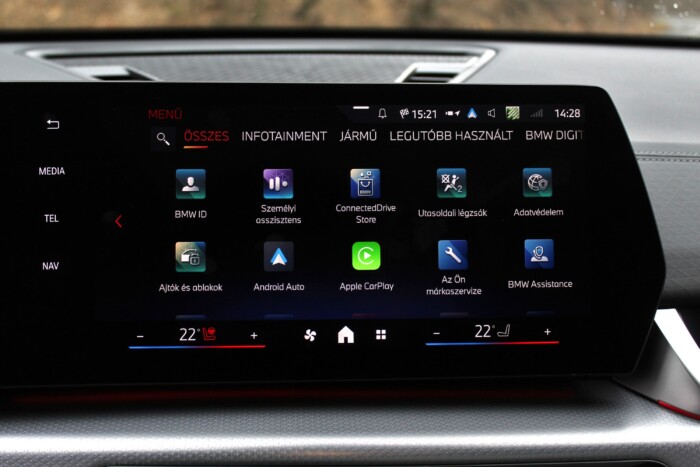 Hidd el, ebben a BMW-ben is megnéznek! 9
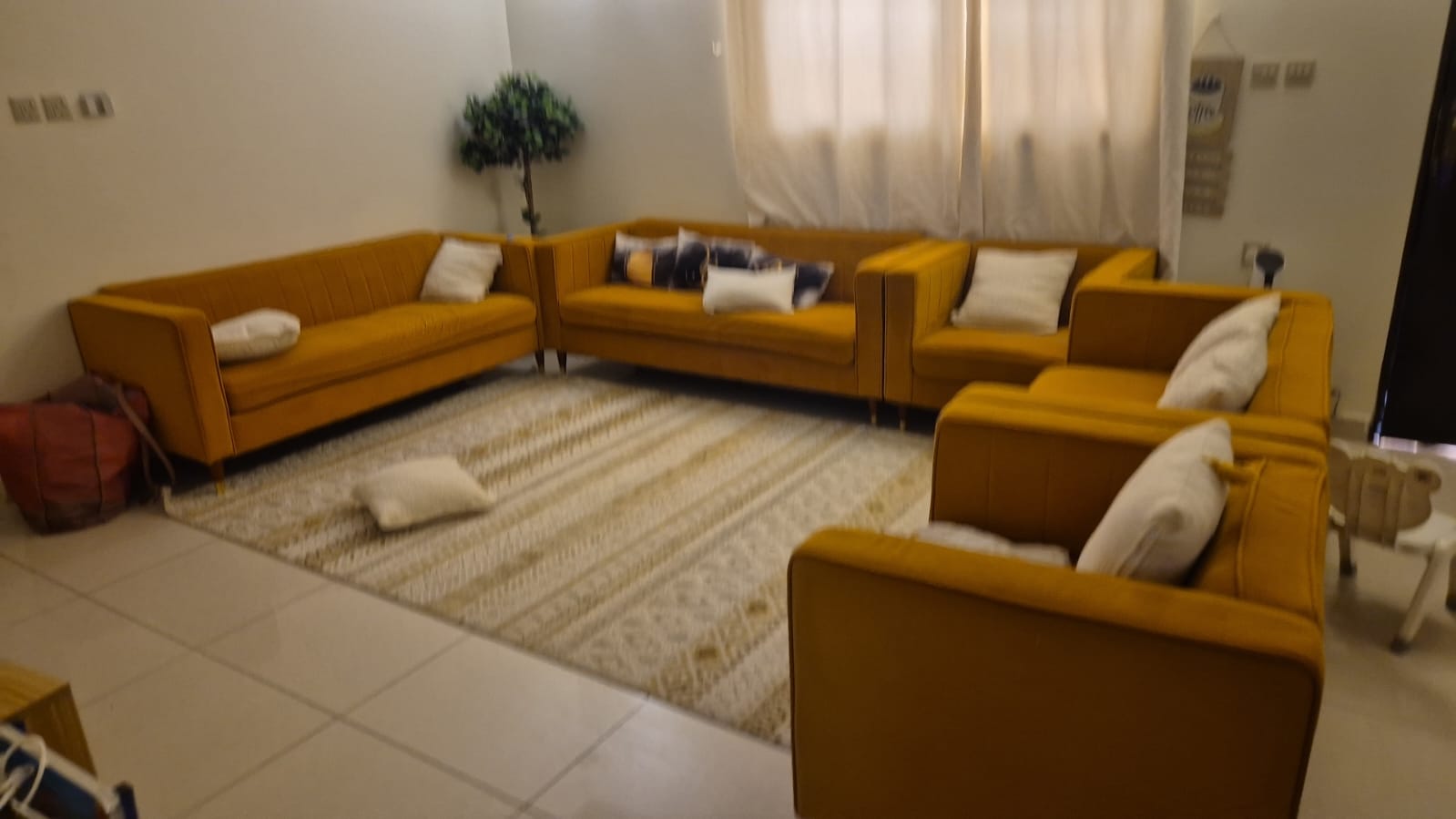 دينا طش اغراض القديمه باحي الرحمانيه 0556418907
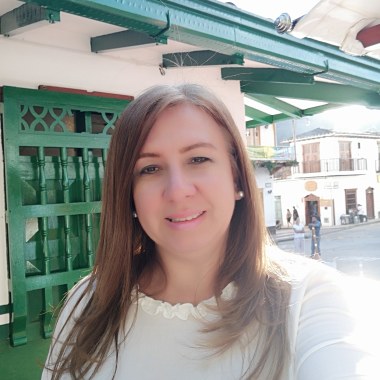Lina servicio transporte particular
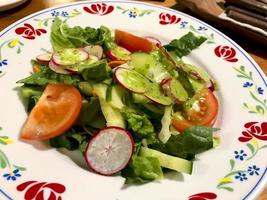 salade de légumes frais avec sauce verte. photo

• [Directions for this task]: Word for word, return the material above, but drop the pictures.

• [Finished exercise]:
 Hidd el, ebben a BMW-ben is megnéznek! 9
 دينا طش اغراض القديمه باحي الرحمانيه 0556418907
Lina servicio transporte particular
 salade de légumes frais avec sauce verte. photo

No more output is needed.